The subadult males are coming in to molt at the Piedras Blancas elephant seal viewing site, so the seals are larger and there is more action than in recent months. These guys —we call them “SAMS”—spend a lot of time sizing each other up.
The “I’m bigger than you” game involves vocalizing as they compete for the deepest voice. Onlookers say it sounds like they’re belching and, although the voice may be loud, most of these boys don’t yet have the echoing quality that is unique to the adult male voice.
The game also involves stretching, turning it into “I’m taller than you.” If neither of these moves intimidates one of them, the two SAMS will begin a sparring match.
The thrusting and parrying as they duck, dodge and bang their necks together, is almost like a series of fencing moves. They may nip each other’s necks, but there is no fierceness to it. It looks like playing, and when they get tired, they may just relax and hang out like buddies. They are practicing for the days of serious fighting that await them as adults competing for mating rights.

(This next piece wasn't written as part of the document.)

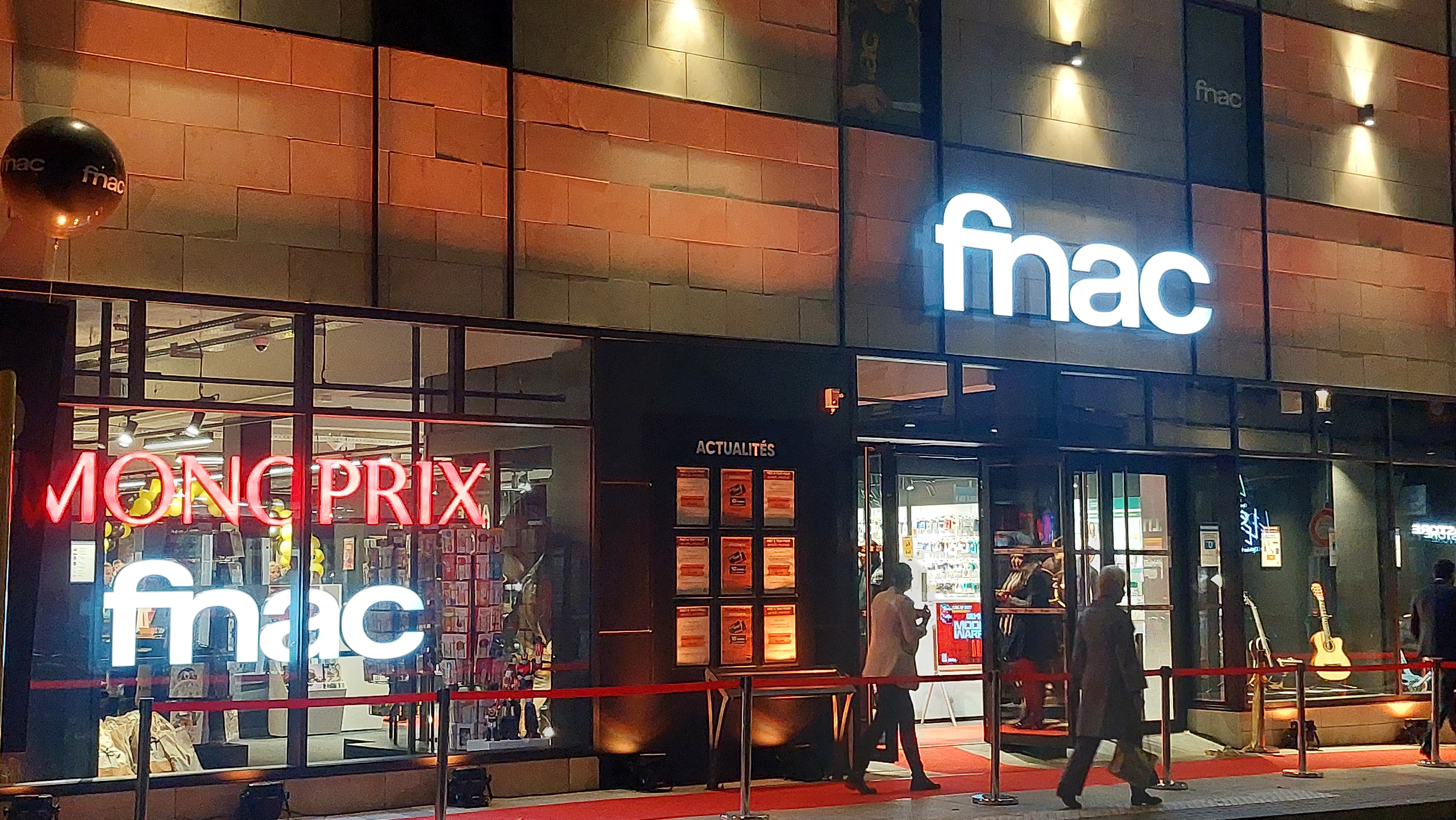 Fnac Monoprix Montluçon inauguration.jpg (2.84 MB)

As adults, one alpha male will have a harem of 30 or more females, and the younger, smaller males will be chased off, with fights becoming more frequent as they get larger and stronger. Still, many males will never get a chance to mate during their lifetime, being chased away from the females during the mating season year after year.
Men who are watching the seals often say something like “What a good life, one guy with all those females,” but they forget about all the other guys with none.
Work is progressing on the new trail and boardwalk at the north end of the parking lot and that area is closed. So far, no heavy equipment has been brought in, and the California Conservation Corps workers are doing it all by hand, so the seals have not been disturbed.
There are many visitors this time of year from far and near, with school out and foreign visitors from around the world, so there are more docent guides at the viewing area near the boardwalk. Look for a bright blue jacket and you’ll find someone to answer your questions about the seals.
An evening of wine, appetizers and live music in the gardens from 5:30 to 7:30 p.m. Saturday, June 26, at the Cambria Nursery will benefit Friends of the Elephant Seal. Harmony Cellars winery and the nursery are hosting the event at the nursery at 2801 Eton Road at Burton Drive.
Toan Chu, acoustic guitarist, will play, and chair massages by Tamar will be available. Admission is $5, which includes a raffle ticket for items from the nursery, the winery and Friends of the Elephant Seal.